Application of texture analysis to study the relationship between surface microrelief and laser speckles
DOI:
https://doi.org/10.17721/1812-5409.2024/2.16Keywords:
laser speckles, microrelief, texture analysis, correlation analysis, fractal dimension, anisotropy, entropy, materials scienceAbstract
The aim of the study was to establish a quantitative relationship between the structural properties of metal surfaces and the properties of laser speckle patterns that arise from the reflection of laser radiation on such surfaces. A texture analysis of the surfaces of seven different metal samples with different microreliefs was carried out. Two types of images were obtained for each sample: a surface micrograph taken with a microscope and a laser speckle pattern. To quantify the textures, the following parameters were calculated: fractal dimension, anisotropy, contrast, correlation, entropy, second angular momentum and energy.

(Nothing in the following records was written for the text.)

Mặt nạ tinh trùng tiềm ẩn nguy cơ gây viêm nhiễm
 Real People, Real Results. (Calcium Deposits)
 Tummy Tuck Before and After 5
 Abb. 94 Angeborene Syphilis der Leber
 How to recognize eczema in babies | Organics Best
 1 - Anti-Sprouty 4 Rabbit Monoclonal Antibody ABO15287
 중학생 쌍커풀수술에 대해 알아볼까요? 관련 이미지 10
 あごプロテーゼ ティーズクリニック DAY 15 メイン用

To determine quantitative dependencies between the texture parameters of micrographs and speckle images, pairwise regression and correlation analysis was performed. The study found a significant correlation between structural parameters of photomicrographs and speckle patterns such as fractal dimension, anisotropy and entropy. These results open up new possibilities for non-destructive quality control of materials. In addition, analyzing speckle patterns can predict material properties such as strength, corrosion resistance and wear resistance. This opens up prospects for the development of new materials with specific properties and the optimization of technological processes.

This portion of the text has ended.